Protection against ransomware attacks utilizes the same tactics as protecting against hacking. Unfortunately, cleaning up after a ransomware attack is much more complicated than a hack. Your data is either locked or encrypted. The quickest way back is to pay the ransom demanded.
On the other hand, depending on how long ago the ransomware attack was, and how often you are doing backups, you may be able to recreate your data set from a previous backup assuming that backup was not affected by the ransomware. (Remember the 1-2-3 rule. If you aren’t sure go back to the article on backups.)
As with a hack, a ransomware attack should be reported to the authorities. In fact, that may become a moot point as many ransomware attacks become known because a specific company probably has become paralyzed because their data is locked up.
Should you pay the ransom? Most law enforcement agencies say no. A recent survey by CSO of businesses across different industries shows that 66 percent of the respondents say they would never pay a ransom. In a separate survey it was found that 65 percent of companies that suffered a ransomware attack paid the ransom.
Ransomware is a big business.
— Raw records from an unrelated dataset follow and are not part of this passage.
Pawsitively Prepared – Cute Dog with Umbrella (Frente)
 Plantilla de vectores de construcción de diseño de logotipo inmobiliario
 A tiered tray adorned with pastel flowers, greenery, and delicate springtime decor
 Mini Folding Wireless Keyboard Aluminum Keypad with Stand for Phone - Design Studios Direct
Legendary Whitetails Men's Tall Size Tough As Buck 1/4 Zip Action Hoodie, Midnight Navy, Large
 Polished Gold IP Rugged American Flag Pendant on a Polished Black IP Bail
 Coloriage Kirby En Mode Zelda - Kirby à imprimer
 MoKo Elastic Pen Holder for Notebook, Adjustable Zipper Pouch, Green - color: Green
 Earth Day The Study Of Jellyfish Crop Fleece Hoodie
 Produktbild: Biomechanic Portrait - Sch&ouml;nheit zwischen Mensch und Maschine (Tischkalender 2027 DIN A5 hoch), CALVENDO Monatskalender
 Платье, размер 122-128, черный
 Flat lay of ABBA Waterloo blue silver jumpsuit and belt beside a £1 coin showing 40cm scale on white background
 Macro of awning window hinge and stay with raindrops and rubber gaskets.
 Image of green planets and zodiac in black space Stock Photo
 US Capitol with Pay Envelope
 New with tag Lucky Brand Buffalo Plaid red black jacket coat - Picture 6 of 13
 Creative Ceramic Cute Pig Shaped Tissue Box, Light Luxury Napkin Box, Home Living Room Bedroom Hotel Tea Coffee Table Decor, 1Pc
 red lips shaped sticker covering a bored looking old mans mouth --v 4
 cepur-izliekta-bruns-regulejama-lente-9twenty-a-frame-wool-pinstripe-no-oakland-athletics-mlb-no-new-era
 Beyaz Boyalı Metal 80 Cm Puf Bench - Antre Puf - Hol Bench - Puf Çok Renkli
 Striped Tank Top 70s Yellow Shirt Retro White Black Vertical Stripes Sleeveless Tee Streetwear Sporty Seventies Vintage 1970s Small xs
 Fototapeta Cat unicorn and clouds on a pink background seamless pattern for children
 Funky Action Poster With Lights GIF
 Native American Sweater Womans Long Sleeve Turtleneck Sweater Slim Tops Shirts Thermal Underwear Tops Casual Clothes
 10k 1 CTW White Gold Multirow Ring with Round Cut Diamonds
In 2019 ransom payments were estimated to be $7 billion in paid ransoms and time/business lost. This represents a 15X increase over what was determined in 2017. Big ransoms and the large companies involved make the news, and those payments are sometimes in the millions of dollars. Today, the majority of large ransomware demands are in cryptocurrencies making tracing the money and who gets it more difficult.
On the other hand, most ransomware demands are against smaller companies in the range of $2,000 to $2,500 ransom. The payment of a ransom is often determined by a cost-benefit analysis of the amount of the ransom versus the lost time and business, making these smaller amounts more palatable, and mostly explains the 65 percent payment number above. Still here is the part of the equation that usually gets overlooked. Once a cybercriminal finds out you’ll pay, they probably will be back.
Leakware is an offshoot of ransomware. This starts with a ransomware attack, with the attacker threatening to make public personal information from the data unless a ransom is paid. The exposure of confidential data often makes the targeted company nervous about possible liabilities and makes them susceptible to paying the ransom.
The protections and protocols mentioned above concerning hacking and ransomware apply to leakware as well.
The above threats come mostly from external sources. There are other dangers to your business data as well from internal and natural sources. I’ll address those in the next article in this series.
Regardless, the best defense for any of these threats is to not become a victim. The procedures and protocols that have been discussed in this series will help to preclude a successful attack. Your systems administrator should be taking proactive steps to protect your systems and data. Make sure you have that discussion with them.